I've read a few novels by Sarah Waters (maybe even all of them) and this novel is both similar and different from her others. Her novels all explore the psychology of her characters, their relationships, class conditions, and are all set in the past in England, but of the ones I've read this is the first one with a male narrator. Unlike the others, it also doesn't feature a lesbian or queer love story. While it was described as a gothic novel and ghost story, it is really more of a character study with the ghost part of the novel taking second place for the majority of the novel. In fact, while there are some odd occurences towards the beginning, it isn't until over halfway through that these incidents really start becoming a focus since up until that point any weird happenings were easily blamed on people or things.
Dr. Faraday is a country doctor living in the same village he was born and raised in. His parents were poor and struggled their entire lives to ensure that their son would be able to make something of himself, but he has come to the point in his life where he is doubtful of his success, and certainly as one of three or four doctors that works in the area, he isn't exactly very financially secure. Set in the years following World War II, England is still under rations, and life is changing. One remnant of the past is the home and manor of the landed gentry and its residents, the Ayres. The doctor's mother once worked at the house many years ago, and on his one childhood visit there, he was dazzled by its grandeur. Now, almost thirty years later, he returns to the house on a house call to check on a new maid's stomach ailment.
While the case itself wasn't anything to be concerned about, this is the starting point of all the events that will occur later. Dr. Faraday is still fascinated by the house and its inhabitants despite its obvious fall from grace and state of disrepair. Roderick, the son and heir, has a war injury, and Dr. Faraday suggests a experimental treatment, thus giving him reasons to return. Of course, given that Dr. Faraday is the narrator, this appears to be an innocent desire to assist Roderick and his sister Caroline, but Dr. Faraday's continued visits and his way of inserting himself into the family's life were somewhat off putting to me. His friendliness seemed to have an ulterior motive even if the character himself never realized it. In fact, I thought of Dr. Faraday as the definition of the Nice Guy, the one that thinks women should be nice to him and owe him something because he's not a jerk (which basically makes him a jerk).
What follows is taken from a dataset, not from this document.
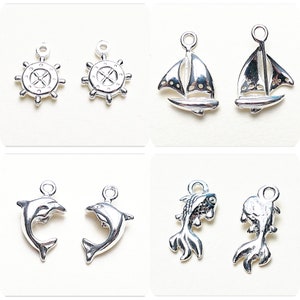 925 silver charms rudder oar steering wheel sailing boat ship boat dolphin gold fish sterling silver maritime pendant sea summer ocean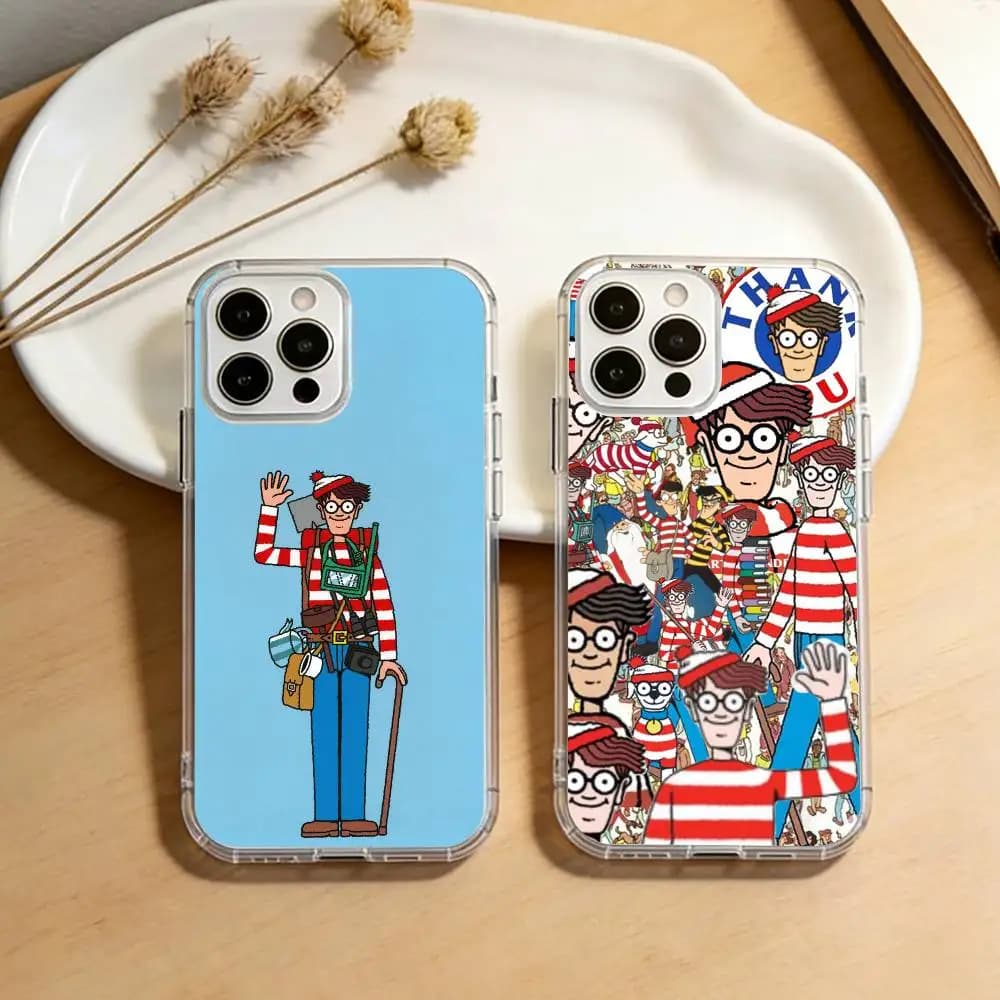 Game Wheres W-WallyS Waldo  Phone Case For iPhone 17 16 15 14 13 12 11 Mini Pro Max Plus Transparent Cover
Over the course of his friendship with the family, and especially Caroline, odd things begin to happen at the house, disrupting life there. However, Roderick has a history of mental issues after his return from the war, and it is quickly determined that he may be behind these ongoings, especially after he reveals certain beliefs to the doctor. However, as the novel progresses, the reader can't help but wonder if there is more going on, whether the house is being haunted in some shape or form by a person or possibly a poltergeist.
I enjoyed the novel quite a bit, and it had a slow leisurely pace, It doesn't work as a scary ghost story since it is too long and too slowly paced for that, but serves incredibly well as a study of this particular doctor and this family, showing the decline of the landed gentry (this is a theme that is already seen in WWI and post WWI novels but here the results of yet another war are even more pronounced) and the ways people delude themselves. Dr. Faraday, while not a likable character, is certainly one worthy of analysis - his obsession with the house has several meanings, including his mother's past as an employee there, what he views his own status to be vs what he feels it should be, and in many conversations he appears more concerned with the house's future than the family. It's not my favorite of Waters' novels but I quite enjoyed reading along and seeing where she was taking the reader and the story.